しかしイタウマは、10代半ばから非公開スパーリングで場数を踏んできた。かつては制服姿のまま
ローレンス・オコリーのジムに現れたことでも有名だ。元クルーザー級世界王者のオコリーは、今でもそれが自分にとって最もハードなスパーだったと語っている。
イタウマはホワイトとスパーリングしたことはないが、
ダニエル・デュボア、
ジョー・ジョイス、
タイソン・フューリー、オコリーらとリングを共有してきた。では、これまでで最も強烈なパンチを浴びせたのは誰か? その答えは意外な名前だった。

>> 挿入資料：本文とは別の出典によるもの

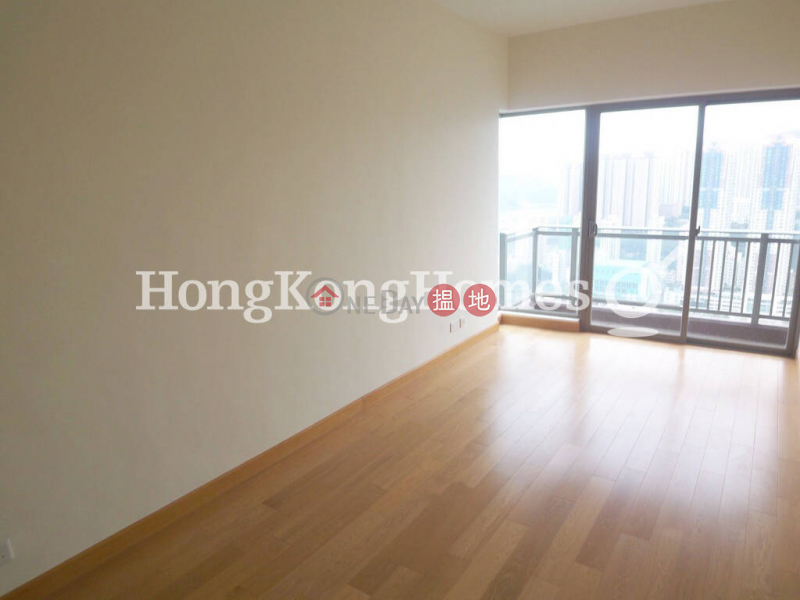 香港搵樓|租樓|二手盤|買樓| 搵地 | 住宅出租樓盤-南灣御園兩房一廳單位出租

「すぐ思い浮かぶのは」と彼は言う。「ルカ・プラトルヤチッチっていうクロアチアの選手だ。まだアマチュアかもしれないし、プロで1戦したくらいかもしれない」
「正直、彼に打たれたときは、野球バットで殴られたように感じた。しかもクリーンヒットじゃなかったのに、『誰かあいつのグローブをチェックしろ』って思った。でも彼は俺のグローブを着けていたんだ! パンチが本当に重かった。

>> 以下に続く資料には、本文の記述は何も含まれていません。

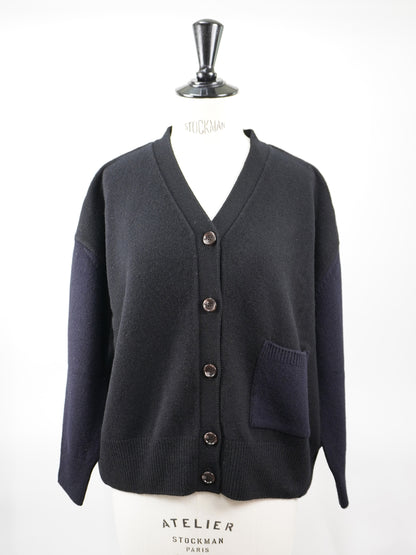 SUNNY VCARDIGAN　サニーオリジナルカーディガン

もちろん、ローレンス・オコリーもスナップの効いたパンチを持っているし、アロイス・ジュニアはパワーのある大きなパンチャー。タイソンにも相手を壊すだけのパワーがある。
でも正直、ヘビー級なら誰でも相手をKOできる力がある。誰か一人が特別に強打だとは言わない。もし顎を砕くのに5ポンドの圧力が必要なら、5.5ポンドでも10ポンドでも関係ない。必要なのは5ポンドの圧力だけだ。

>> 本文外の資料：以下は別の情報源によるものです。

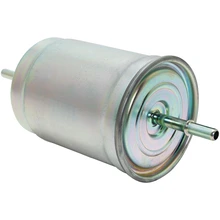 Fuel Filter - Baldwin BF46219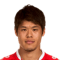 Hiroki Sakai FIFA 16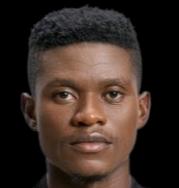 https://img.zhizhuzhibos.com.cn/img/football/player/a73c887107738a6c2c08c75f4515b58a.png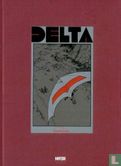 Delta - Afbeelding 1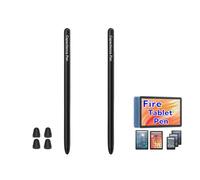 Lot de 2 stylets pour tablette Fire HD 7/7plus/8/8plus Kids 10 Fire Max 11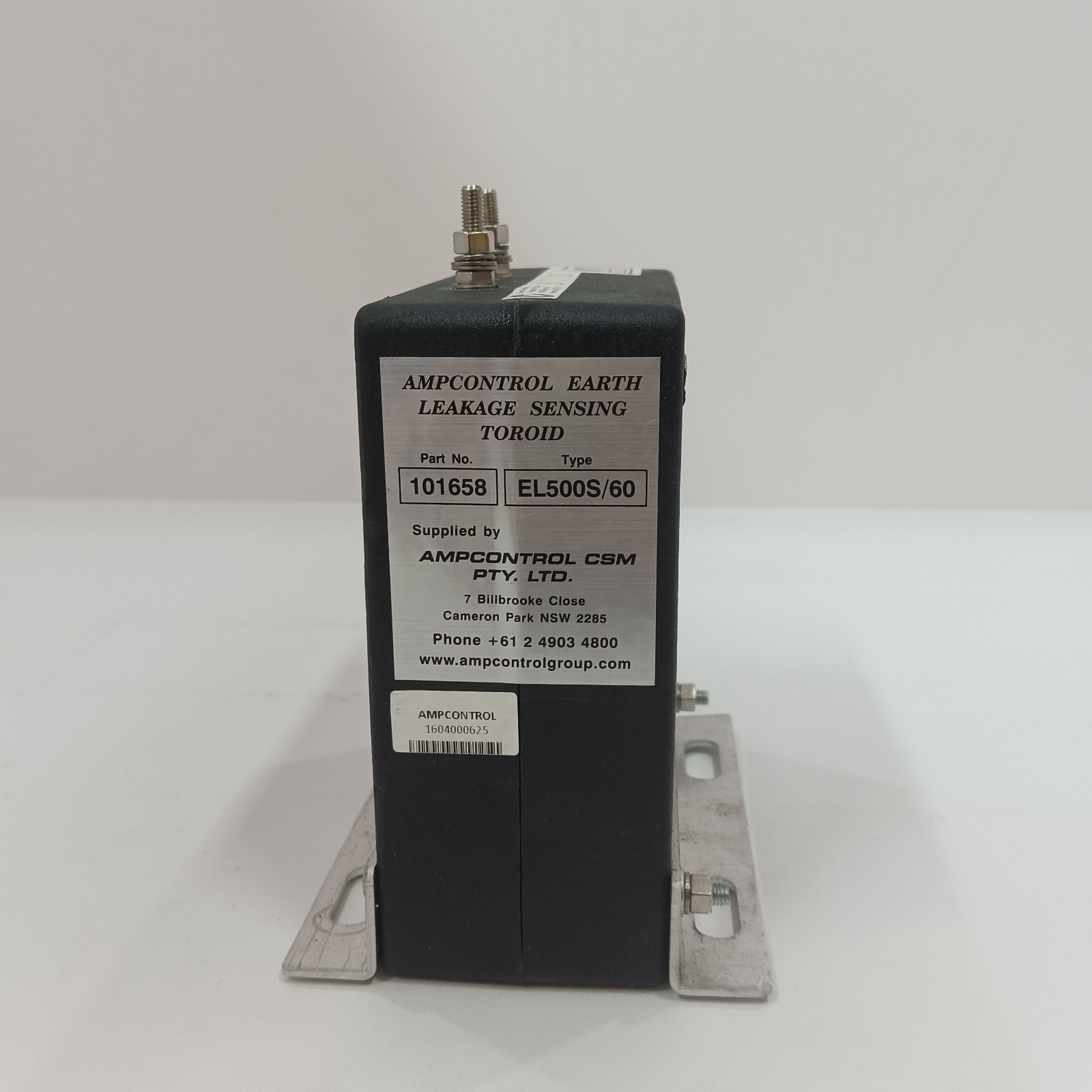 ABB 3BHB003689 High Reliability Power Electronic Module - Premium ABB Industrial Quality0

だから長い間、『この相手はパンチがない』『脅威じゃない』なんて思ったことはない」
世間のファンは、イタウマがリング上で危機に直面したときにどう対処するかを見たがっているが、彼自身は急いで証明するつもりはない。
「ボクシングは打って打たれないことが大事だ」と彼は続ける。
「常に打たれているようでは、どんなボクサーかを示してしまう。もちろん、キャリア全体を通して一度も打たれずに終えられるなら、それが一番いい」
「『顎が試されていない』っていう言葉の意味を、人はあまり分かっていない。ヘビー級なら誰でも相手をKOできる力がある。それを否定する者はいないと思う。
ジョー・ジョイスだってかつては“鉄の顎”で知られていたが、ジレイ・ジャンがあの通りにした。顎は割られるものだ。
自分を無敵だとは思っていない。でも、無敵になれるようなつもりで練習している。打たれたくはない。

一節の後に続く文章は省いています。